Grant and Sehgal observed.
They saw “no other international charities on the scene.
India has turned away humanitarian charities guilty of coming in,
taking pictures, and then leaving,” Grant and Sehgal said. “Only
two local animal charities with minimal resources are responding with
fodder. The government delivered fodder to some areas we visited,
but others have received none. Government vets have not been to
inspect the health of the animals in any of the affected areas,
according to all of the villages we assessed.”
“We are not talking of the coastal areas,” Grant and Sehgal
emphasized, “which are regularly hit by floods and cyclones; we are
talking about the inland areas which usually get normal monsoon rains
that they depend on and manage as the water source for their crops
and cattle. These are very poor rural villages self-sustained by
dairy and wool production, and rice fields. This is not a region
that produces handicrafts. These villages do not use cars, and few
motorbikes were seen, but lots of bicycles and bullock carts. Many
buildings have never had telephone lines or electricity.
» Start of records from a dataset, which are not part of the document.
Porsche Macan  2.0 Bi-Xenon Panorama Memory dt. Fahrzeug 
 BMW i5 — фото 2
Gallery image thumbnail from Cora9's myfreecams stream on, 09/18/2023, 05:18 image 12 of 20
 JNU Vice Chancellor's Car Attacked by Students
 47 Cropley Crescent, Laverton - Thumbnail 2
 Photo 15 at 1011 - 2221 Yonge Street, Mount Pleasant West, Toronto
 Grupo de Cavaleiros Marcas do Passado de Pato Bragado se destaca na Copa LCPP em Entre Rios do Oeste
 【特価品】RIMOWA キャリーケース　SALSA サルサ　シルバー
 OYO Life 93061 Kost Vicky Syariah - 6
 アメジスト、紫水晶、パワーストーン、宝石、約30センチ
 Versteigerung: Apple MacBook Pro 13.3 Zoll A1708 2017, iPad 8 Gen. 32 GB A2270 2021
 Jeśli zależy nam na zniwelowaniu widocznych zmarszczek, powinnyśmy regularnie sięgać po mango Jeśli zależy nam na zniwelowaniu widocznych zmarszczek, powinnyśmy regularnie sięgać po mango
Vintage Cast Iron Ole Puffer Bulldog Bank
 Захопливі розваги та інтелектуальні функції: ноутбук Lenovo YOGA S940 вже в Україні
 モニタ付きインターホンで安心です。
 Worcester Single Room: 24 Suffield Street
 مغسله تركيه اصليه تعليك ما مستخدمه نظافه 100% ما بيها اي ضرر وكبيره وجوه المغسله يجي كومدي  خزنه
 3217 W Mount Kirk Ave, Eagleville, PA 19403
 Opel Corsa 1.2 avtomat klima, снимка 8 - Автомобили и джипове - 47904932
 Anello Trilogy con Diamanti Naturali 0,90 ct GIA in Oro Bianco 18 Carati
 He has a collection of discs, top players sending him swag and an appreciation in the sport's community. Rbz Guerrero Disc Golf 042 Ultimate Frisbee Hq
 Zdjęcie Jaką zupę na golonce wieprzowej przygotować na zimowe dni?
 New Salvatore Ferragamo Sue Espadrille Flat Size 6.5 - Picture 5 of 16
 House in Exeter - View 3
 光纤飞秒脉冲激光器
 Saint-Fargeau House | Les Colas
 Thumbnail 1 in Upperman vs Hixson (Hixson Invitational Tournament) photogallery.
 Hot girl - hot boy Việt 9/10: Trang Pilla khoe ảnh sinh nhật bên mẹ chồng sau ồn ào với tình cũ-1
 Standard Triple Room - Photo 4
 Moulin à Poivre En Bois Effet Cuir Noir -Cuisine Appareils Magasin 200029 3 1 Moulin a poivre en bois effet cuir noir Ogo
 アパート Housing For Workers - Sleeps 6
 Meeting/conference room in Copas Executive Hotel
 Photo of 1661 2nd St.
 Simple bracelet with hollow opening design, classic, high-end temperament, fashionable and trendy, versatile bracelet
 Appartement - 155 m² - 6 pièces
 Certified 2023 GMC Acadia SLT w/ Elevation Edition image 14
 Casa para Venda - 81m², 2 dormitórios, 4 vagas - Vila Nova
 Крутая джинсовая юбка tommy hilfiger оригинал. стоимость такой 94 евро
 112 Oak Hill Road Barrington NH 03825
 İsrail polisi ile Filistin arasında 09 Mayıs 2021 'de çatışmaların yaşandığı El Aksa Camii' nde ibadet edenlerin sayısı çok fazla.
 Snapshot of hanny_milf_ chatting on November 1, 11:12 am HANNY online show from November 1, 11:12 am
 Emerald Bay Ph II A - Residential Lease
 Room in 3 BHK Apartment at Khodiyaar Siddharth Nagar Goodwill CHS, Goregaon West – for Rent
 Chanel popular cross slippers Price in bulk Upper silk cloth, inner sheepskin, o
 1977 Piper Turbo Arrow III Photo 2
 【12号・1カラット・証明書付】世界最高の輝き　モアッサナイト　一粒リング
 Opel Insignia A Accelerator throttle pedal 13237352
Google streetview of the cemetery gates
Those who
had this infrastructure no longer have it, as it has been ruined.
This is a difficult area to use cell phones in, as there is
generally no signal.
“Fodder originally distributed on the highway was taken by
refugees and used to make roofs on temporary shelters for
themselves,” Grant and Sehgal continued. “People For Animals is
providing some villages with bags of husk fodder that is mixed with
water and vegetable cuttings, such as peels and tops. We assessed
the fodder distribution to animals who had not had food in the four
days since the last PFA visit. The animals ate the food in a mater
of minutes. They were very hungry. Cows were neck-deep in water
looking for fodder and eating water hyacinth and anything else green.
“The animals are not showing signs of sickness associated
with flooding and being wet for such a long time,” Grant and Sehgal
wrote, contrasting the situation with Rajasthan, on the opposite
side of India, normally a desert but hit hard by flooding in August
2006.
“Rajasthan still needs herds treated,” Grant told ANIMAL
PEOPLE. “They are very sick whereas in Orissa the animals are fit
but have no place to graze.”
Grant and Sehgal recommended that experts should “Evaluate
potential disease or illnesses that may affect the animals in the
near future and provide preventative care,” and “Research for future
understanding why these animals are not showing typical signs of
stress and illness from flood situations.”
Ironically, Grant and Sehgal noted, “Villagers claim sick
animals and want vaccines. But this is not part of the emergency,
and they don’t normally vaccinate.”
Grant and Sehgal also recommended, “Community
capacity-building to manage dry fodder stores for future floods.”